# Slow down section wiring



## Clubber (Jan 4, 2020)

I have done a search and haven't found the answer.
I am running an automatic alternating siding setup outdoors and want to reduce the sudden stop at the end when the power shuts off to the track. So, I am thinking of putting a slow down block before the shut off block. 

I am running LGB MTS II Serial with a 50111 transformer for power and all engines all have LGB 55021 decoders, if this matters. One day I will upgrade to a new DCC system but don't have the money right now. 

I have programmed my engines with an increased CV4 braking value but that doesn't matter when the power is cut at the tracks. 
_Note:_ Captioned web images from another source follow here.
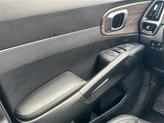 Thumbnail of 2022 Glacial White Pearl Kia Sorento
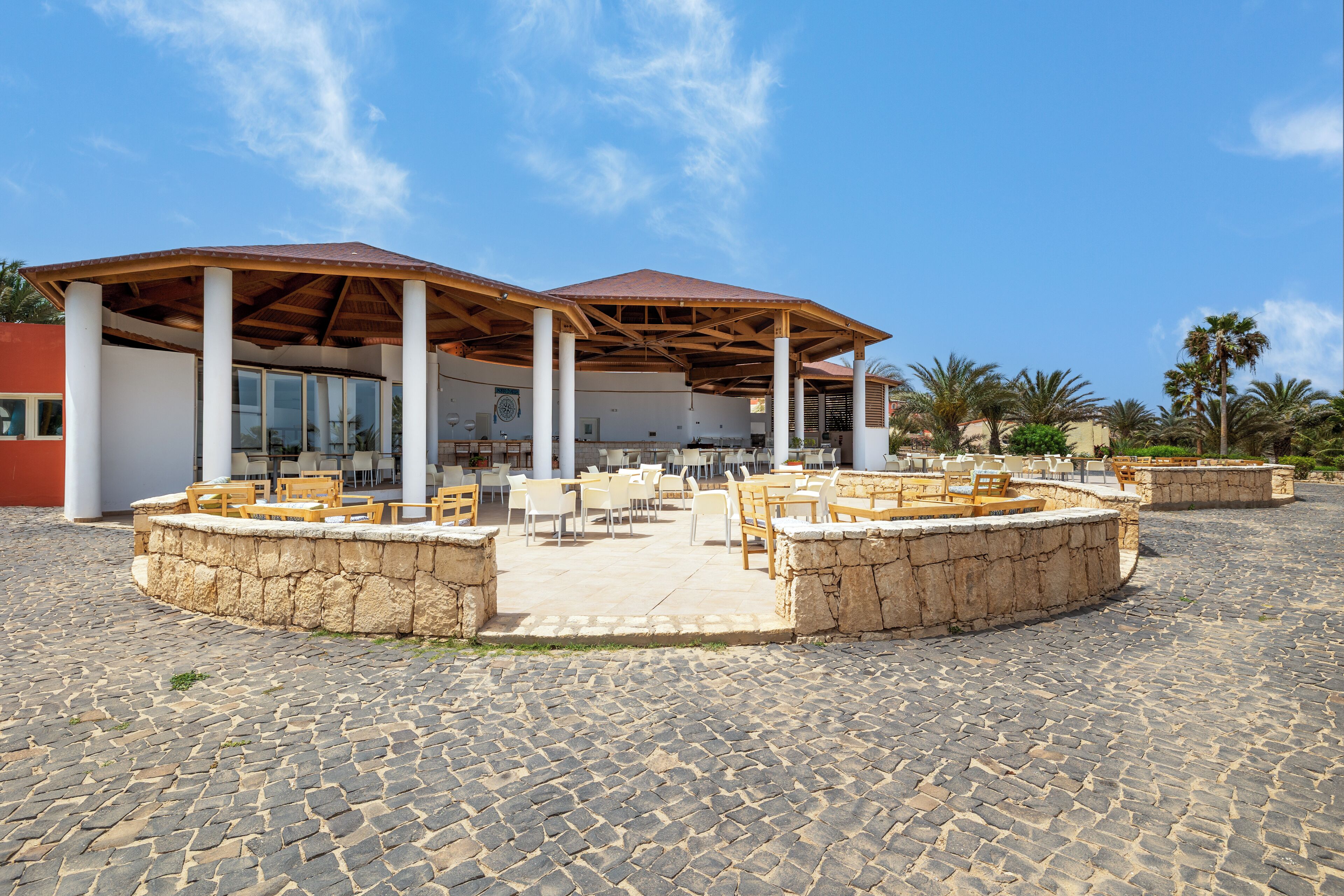 Bar en bord de piscine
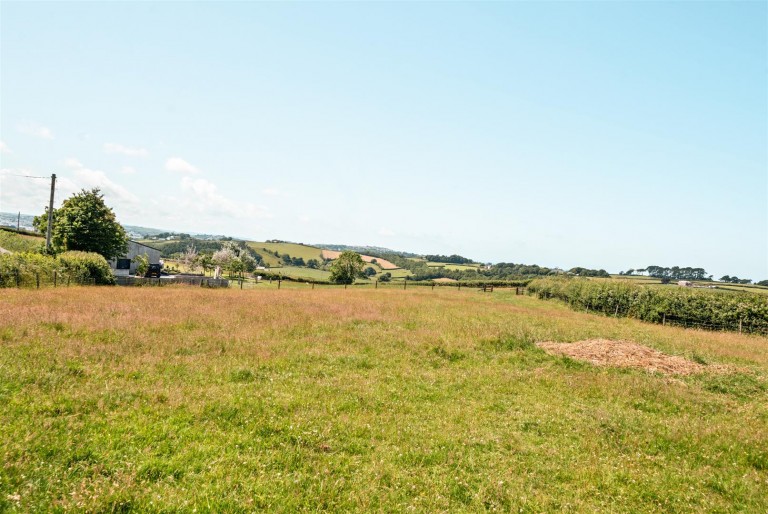 Images for Eastleigh, Bideford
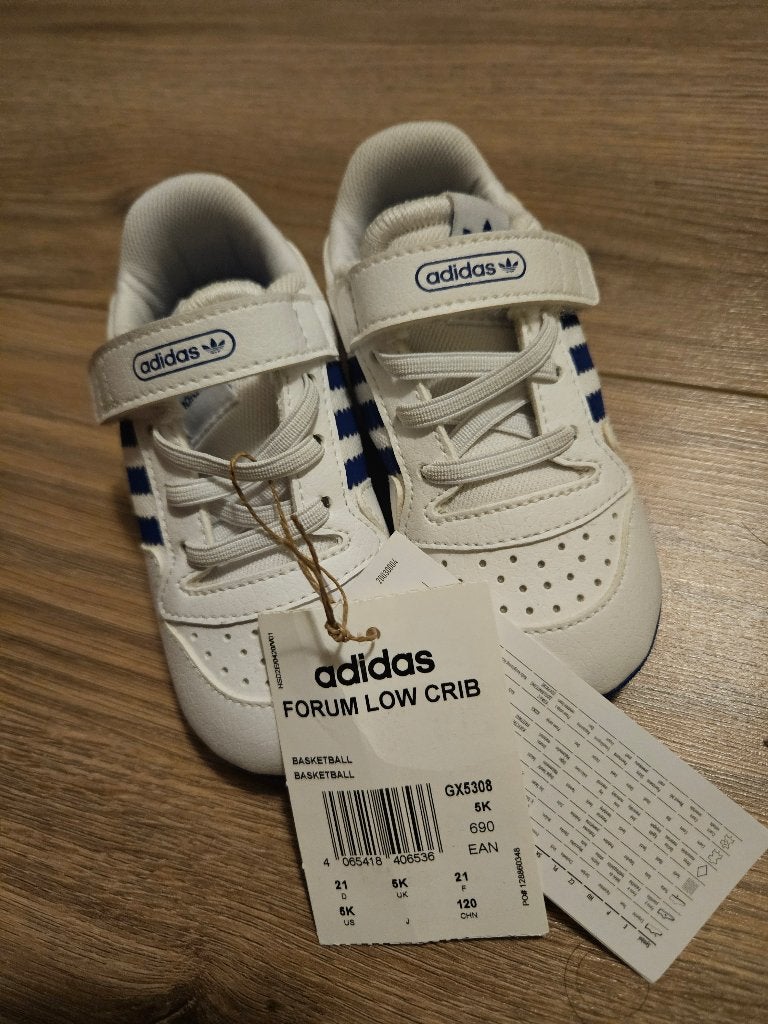 Adidas Baby-/ kinderschoen - NIEUW, Kinderen en Baby's, Ophalen, Adidas, Schoentjes, Jongetje of Meisje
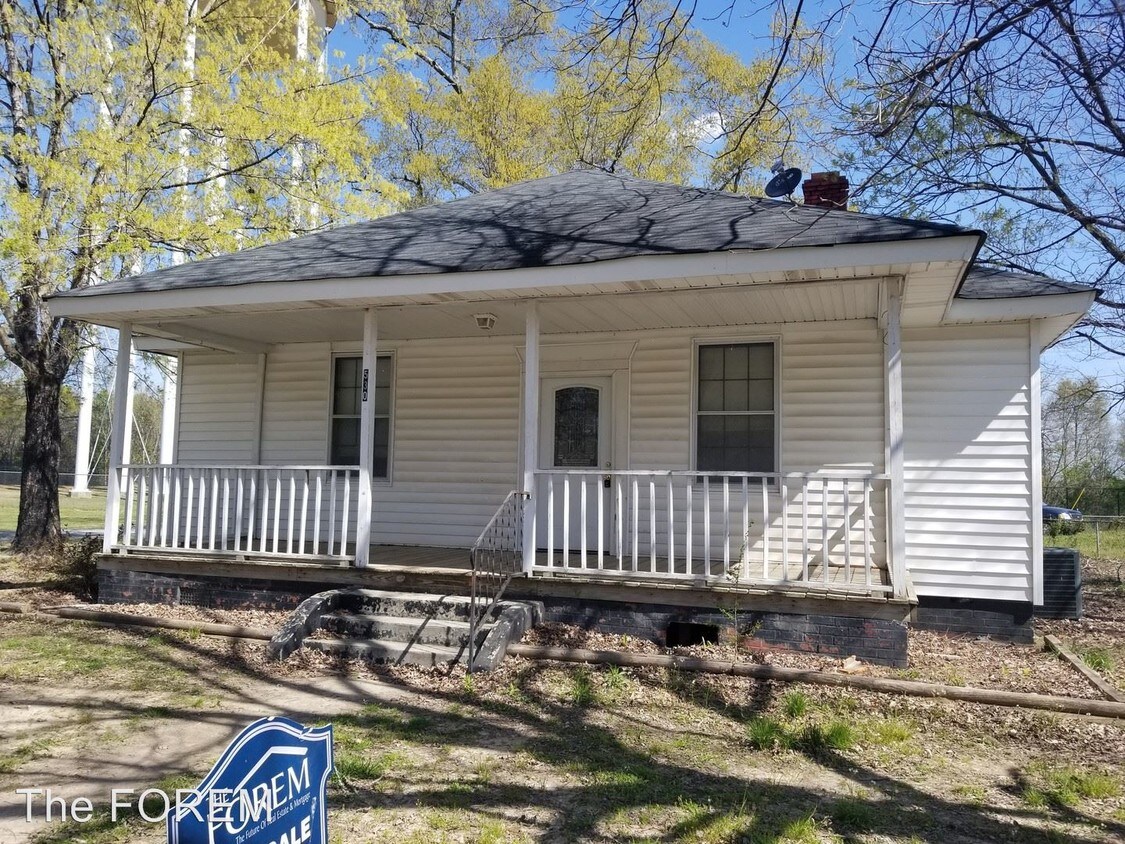 Primary Photo - 3 br, 1 bath House - 530 Lane St.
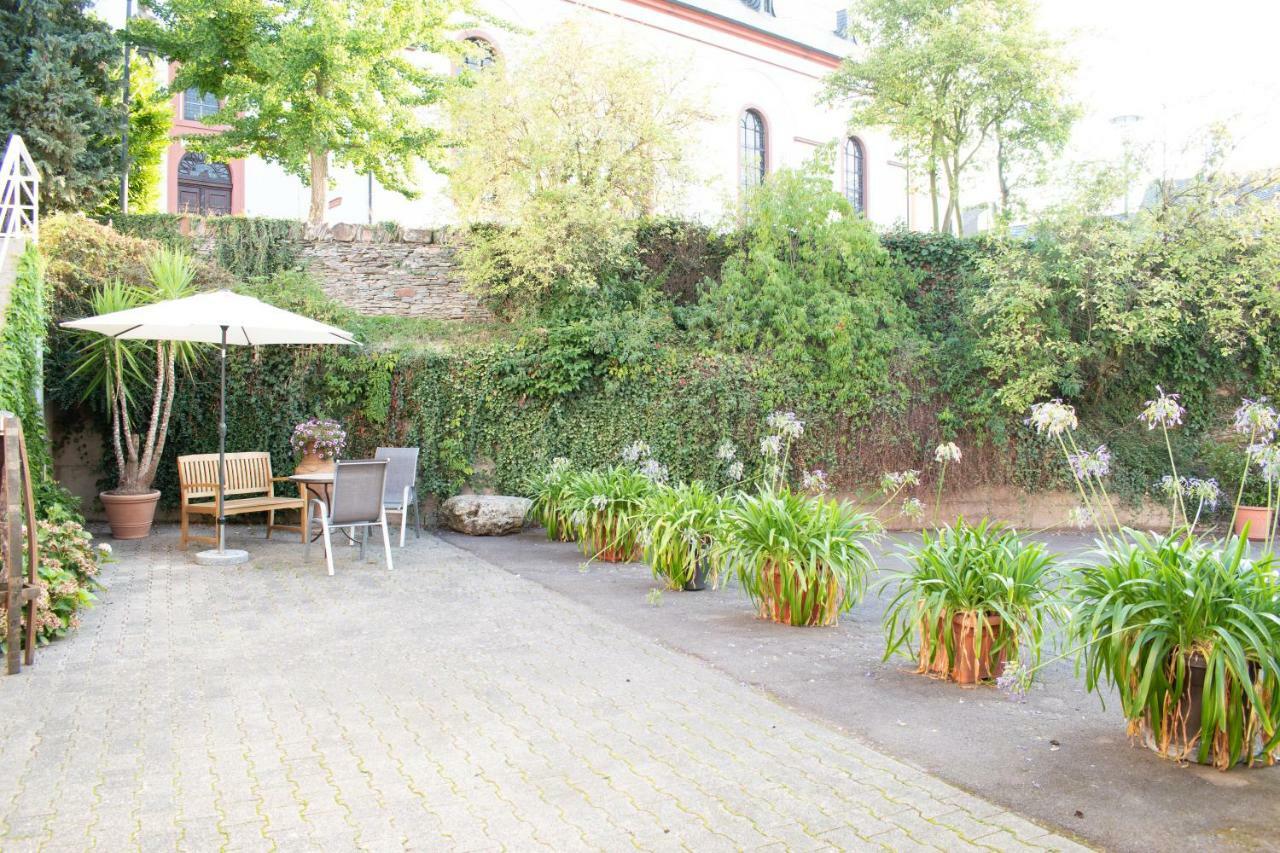 Weingut Johanneshof Minheim Exterior foto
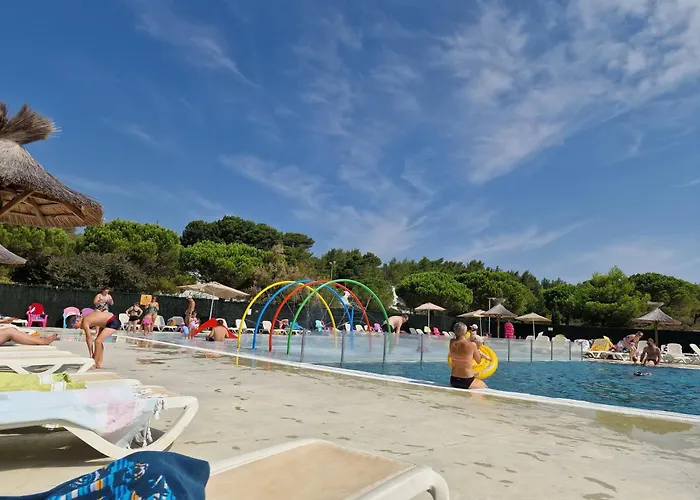Campingplatz Mobilhome Clim Tele La Falaise 4 Etoiles Narbonne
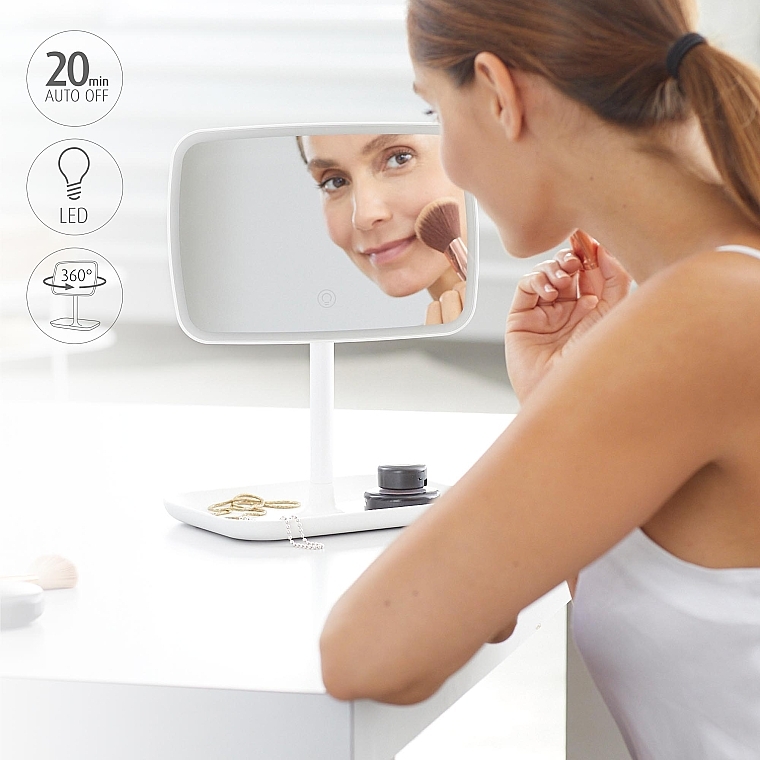 Lustro kosmetyczne z oświetleniem i diodami LED - Medisana CM 848 Cosmetics Mirror — Zdjęcie N6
I have read for Analog to bridge the block with diodes. Will this work with DCC? If so, what are the specifications of the Diodes? For example a 1N4005 or whatever.

Is there a better way which works with my system and is not too expensive?


----------



## toddalin (Jan 4, 2008)

I don't do DCC, but think that if you start fooling with the voltage, unless you are running your trains at full speed, at first it won't have have any effect because the system is set to operate over a set voltage range, probably fairly narrow.

Then when the voltage is low enough to have effect, the electronics will crap out/go haywire.

But I can envision a way to make this work for you.

You would use a relay between the decoder and a motor lead. In the normally closed position, the relay lets current flow just as designed. In the open position, current would flow though a resistor/diode array before reaching the motor.

The relay would be tripped with a reed switch placed under the engine and a magnet in the track at the desired locations. The relay would be held closed for a moment by a capacitor that charges off the voltage and engages with relay closure. During this time, the train is heading into a block with no voltage applied so that it will stop until this voltage is applied, which would be tripped on by the incoming train, similarly equipped.


----------



## Dan Pierce (Jan 2, 2008)

You need a more modern decoder as there some out there that when crossing a diode power setup it will trigger the decoder to stop.


https://dccwiki.com/Asymmetric_DCC


----------



## Clubber (Jan 4, 2020)

OK thank you. I guess I will have to wait until I upgrade my system. Bummer.


----------